Pisałem tu wielokrotnie, od około dekady, że się zbiera Polsce i tutejszej religii. Wydawało mi się, że tylu tu ludzi z ambicjami do służby publicznej, że sprawdzą moje papiery uwierzytelniające i się przejmą, że dzięki takim podszeptom z kilku stron jak te, tutejsza ryba przestanie się psuć od głowy.
Ryba od głowy jak się psuła tak się psuje, i to chyba jeszcze bardziej, bo dysonans między oficjalnie deklarowanymi wartościami a skrzeczącą rzeczywistością jest naprawdę duży.
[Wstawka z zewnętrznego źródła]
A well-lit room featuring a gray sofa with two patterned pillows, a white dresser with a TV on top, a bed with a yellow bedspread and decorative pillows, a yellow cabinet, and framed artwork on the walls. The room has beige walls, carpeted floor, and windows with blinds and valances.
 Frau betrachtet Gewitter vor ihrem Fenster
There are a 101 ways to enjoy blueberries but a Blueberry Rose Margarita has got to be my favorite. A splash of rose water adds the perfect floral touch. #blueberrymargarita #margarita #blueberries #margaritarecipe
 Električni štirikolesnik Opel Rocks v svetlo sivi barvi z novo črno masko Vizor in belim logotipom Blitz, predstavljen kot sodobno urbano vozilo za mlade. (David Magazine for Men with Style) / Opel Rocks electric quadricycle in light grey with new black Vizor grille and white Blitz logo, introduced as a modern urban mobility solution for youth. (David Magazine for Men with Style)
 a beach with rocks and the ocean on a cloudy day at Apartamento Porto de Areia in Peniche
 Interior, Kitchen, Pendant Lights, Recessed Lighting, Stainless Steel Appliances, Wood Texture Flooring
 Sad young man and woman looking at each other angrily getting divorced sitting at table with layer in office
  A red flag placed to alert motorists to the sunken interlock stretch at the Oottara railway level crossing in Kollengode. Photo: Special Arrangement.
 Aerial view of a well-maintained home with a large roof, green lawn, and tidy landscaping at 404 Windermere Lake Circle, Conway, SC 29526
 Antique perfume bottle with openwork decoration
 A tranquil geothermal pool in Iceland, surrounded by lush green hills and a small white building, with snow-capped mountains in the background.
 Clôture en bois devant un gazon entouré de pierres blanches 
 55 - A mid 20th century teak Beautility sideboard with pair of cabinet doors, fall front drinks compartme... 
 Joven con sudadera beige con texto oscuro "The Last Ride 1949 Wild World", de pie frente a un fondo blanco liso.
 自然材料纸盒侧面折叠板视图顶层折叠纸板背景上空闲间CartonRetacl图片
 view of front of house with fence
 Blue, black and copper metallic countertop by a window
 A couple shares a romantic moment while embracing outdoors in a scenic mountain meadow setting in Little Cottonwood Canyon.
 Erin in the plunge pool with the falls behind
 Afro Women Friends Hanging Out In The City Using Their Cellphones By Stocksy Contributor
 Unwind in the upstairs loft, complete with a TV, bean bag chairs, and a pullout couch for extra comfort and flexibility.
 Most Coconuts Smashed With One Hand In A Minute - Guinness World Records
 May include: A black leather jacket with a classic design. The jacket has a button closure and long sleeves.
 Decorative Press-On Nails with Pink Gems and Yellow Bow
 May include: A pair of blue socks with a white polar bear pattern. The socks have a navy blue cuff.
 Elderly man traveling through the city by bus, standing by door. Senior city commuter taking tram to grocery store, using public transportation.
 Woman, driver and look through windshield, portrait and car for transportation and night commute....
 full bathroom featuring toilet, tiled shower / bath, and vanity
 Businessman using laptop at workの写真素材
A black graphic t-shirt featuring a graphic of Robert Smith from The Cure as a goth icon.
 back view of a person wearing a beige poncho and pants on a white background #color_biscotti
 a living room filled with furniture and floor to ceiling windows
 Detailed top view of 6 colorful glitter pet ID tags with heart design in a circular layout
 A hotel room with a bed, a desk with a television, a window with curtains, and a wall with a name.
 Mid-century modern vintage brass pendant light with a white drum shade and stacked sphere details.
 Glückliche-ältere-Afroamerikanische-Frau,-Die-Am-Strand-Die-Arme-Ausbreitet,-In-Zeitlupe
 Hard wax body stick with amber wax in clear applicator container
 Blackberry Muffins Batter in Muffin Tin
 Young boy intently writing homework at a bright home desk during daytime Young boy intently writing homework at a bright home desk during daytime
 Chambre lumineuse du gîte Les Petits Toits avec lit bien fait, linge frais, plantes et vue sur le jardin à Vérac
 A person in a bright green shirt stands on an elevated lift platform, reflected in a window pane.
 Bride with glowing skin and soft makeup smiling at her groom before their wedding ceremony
Naród tak gra jak mu reguły gry pozwalają i jak go instytucje, przekaz publiczny i tradycja wychowają. Wydaje się wam, że jakoś to będzie bo JPII i pseudopatriotyczne wytrychy będą wiecznie zamykać usta i mydlić oczy? Tak nie będzie i nawet teraz tak nie jest.
Bóg potrafi poskładać okoliczności tak, że i pastuszek może załatwić mocarza, ale i nie reagować jak zdemoralizowane narody i państwa robią swoje wycierając Nim sobie buzię a potem wyjąc by Opatrzność wydobyła ich z matni w jaką się wpakowały.
Już wam jest ciepło, prawda? Ja co miałem powiedzieć, powiedziałem. I wystarczy.